INFORMATION section start

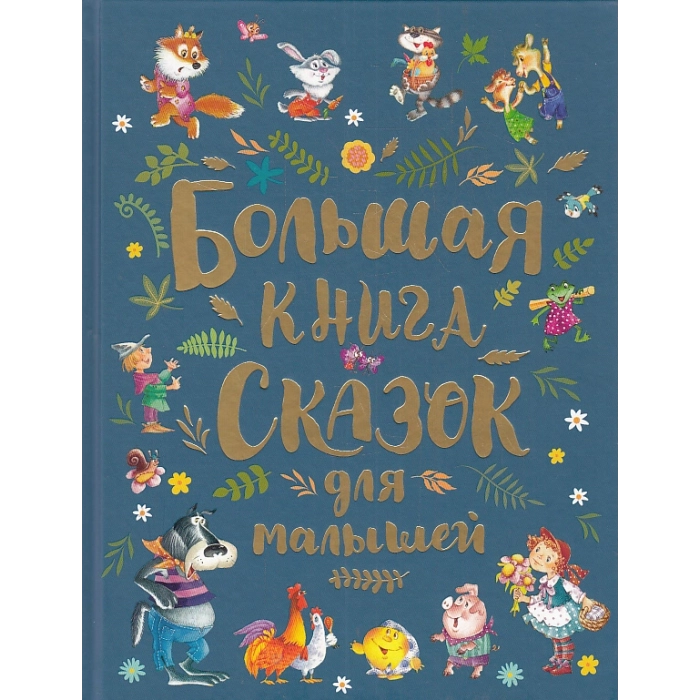Большая книга сказок для малышей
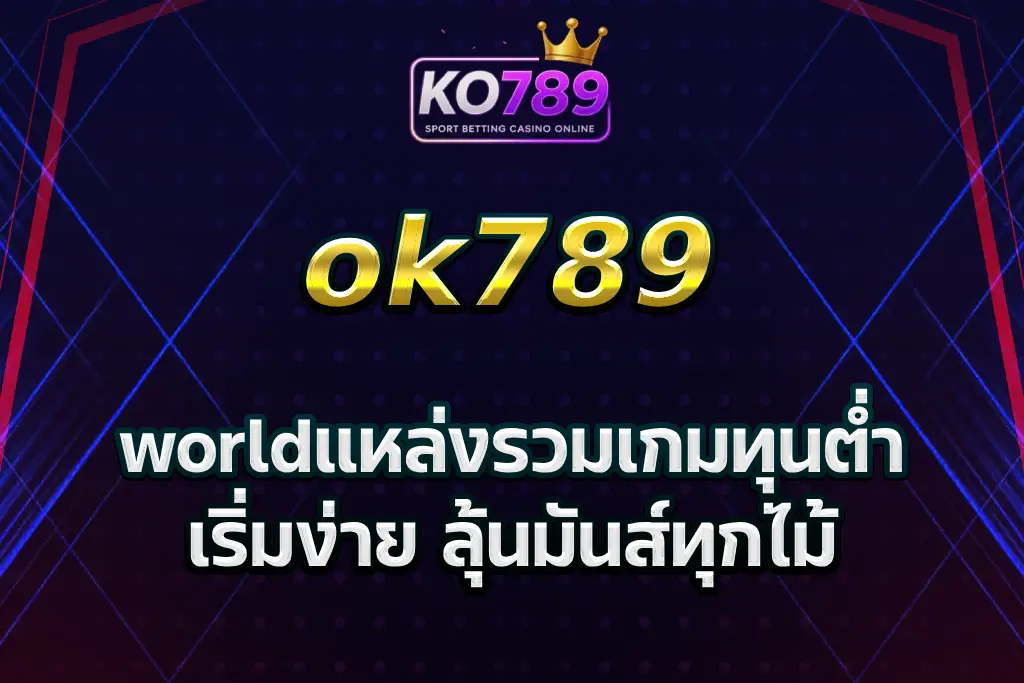 ko789 world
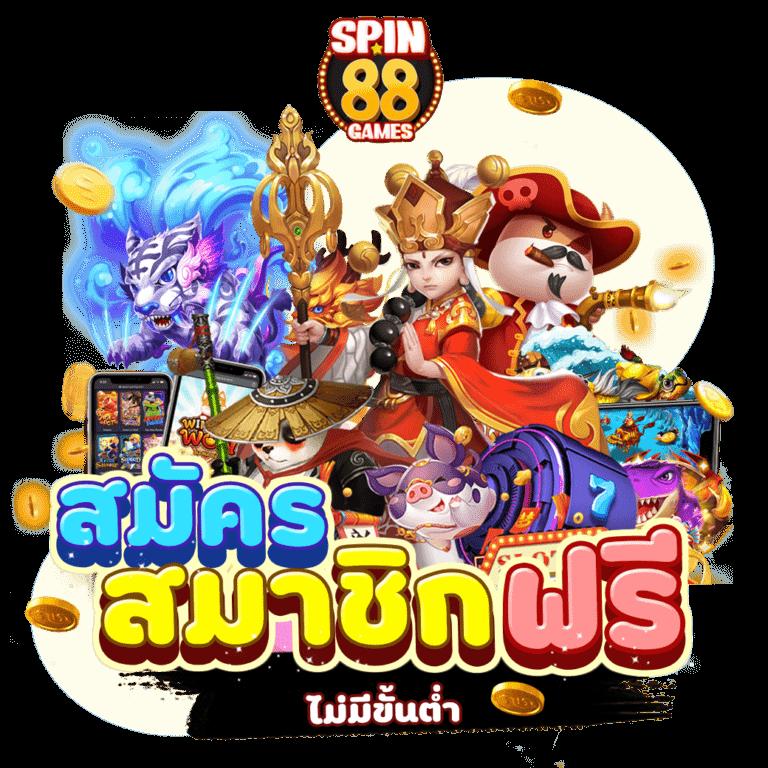 ทางเข้า ufabet911 ล่าสุด พร้อมความสะดวกสุดพิเศษในไทย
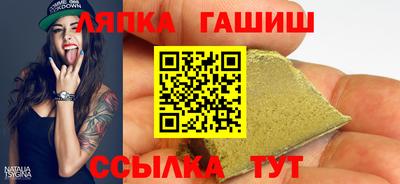 меф Тулун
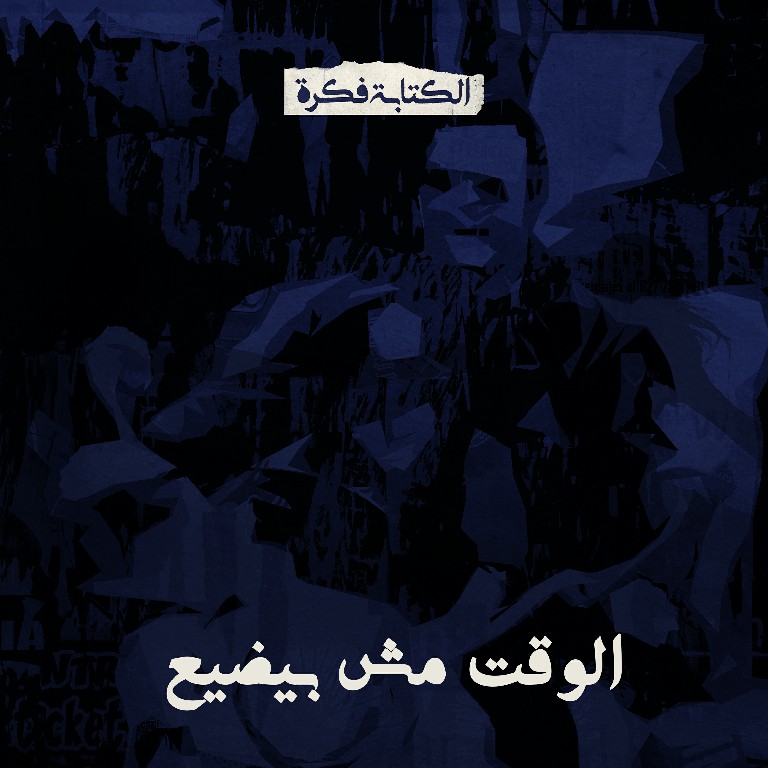 نفهم الإنسان عشان نعرف نتعامل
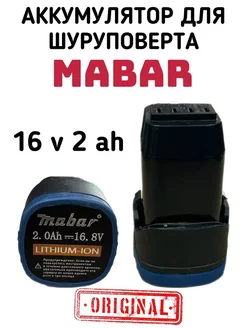 Аккумулятор для шуруповерта 16.8v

INFORMATION section end

> _EXERCISE AIM_: Although the records contain pictures, print only the rest, exactly as written.

> _SOLUTION TO THIS TASK_:
Большая книга сказок для малышей
 ko789 world
 ทางเข้า ufabet911 ล่าสุด พร้อมความสะดวกสุดพิเศษในไทย
 меф Тулун
 نفهم الإنسان عشان نعرف نتعامل
 Аккумулятор для шуруповерта 16.8v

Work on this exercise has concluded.